Merhav then goes to describe how in many of his consultation services, he came to an organization and heard that the problem was due to some manager’s ego, but when he actually looked into the problem he discovered it is not an issue of ego at all. For example, he describes a situation where a manager used to keep all essential information to himself. The other managers saw it as an ego problem. It turned out that that manager did it because of a legitimate concern that classified information will leak to competitors as this has happened a few years earlier. A little work allowed to better identify which information is really classified, and release most of the information the other managers needed without any fears of a leakage. Not an ego issue at all.
Another example was of a manager that did not delegate. A short investigation revealed that she did not really know how to. She was sent to a workshop that not only made her team members happy, but also made her very happy, as she was swamped and wanted to delegate. Again. No ego issues.

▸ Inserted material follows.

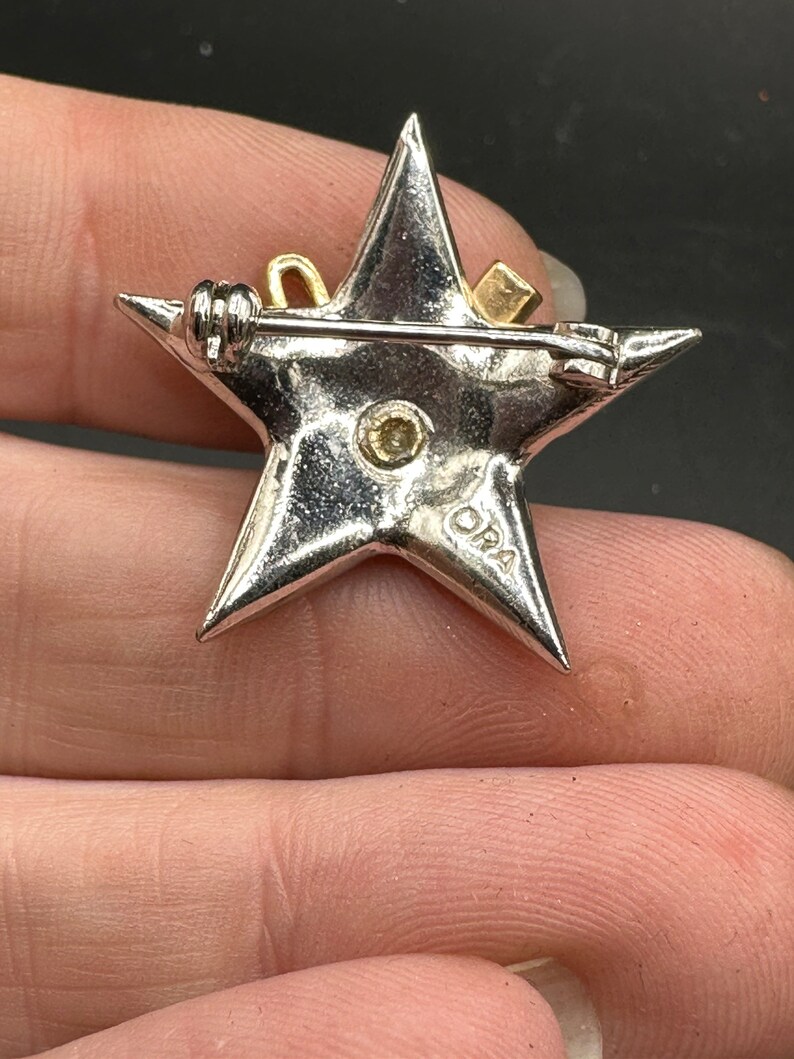 May include: A silver-toned star-shaped brooch with a gold-colored bow and square accent. The brooch has a pin closure on the back and a small, round, yellow-toned stone in the center. The brooch is marked with the letters "DRA".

This reminded me of a lesson I wrote about in my e-book about understanding the difference between standpoints and interests. An interest is what we really want. A standpoint is how we communicate to the world what we want. Many times, there is a misalignment between the two due to our fear to admit our own fears or problems or just due to poor communication. Then, the discussion revolves around the standpoint, instead of around the interest.
Think about the manager with the classified information. His interest was that no sensitive information would leak outside of the organization. His standpoint was: I am not releasing any information. Only after his interest was laid out on the table, there was a possibility to really solve the problem by meeting the interest of both sides. Instead of asking a zero-sum question – “should the information be released or not?” a discussion of the interests allows to ask a win-win question: “how can we release the information the managers need, while making sure there are no leaks of important information outside the organization?”.
I think the important lesson we can learn from all these examples is that sometimes we assume that the other side has a standpoint, without him even stating it. The ego explanation is just our own standpoint of the situation. But, as Merhav puts it, it is not a very productive standpoint.
So, do you talk about your and the other side standpoints or about your and the other side interests?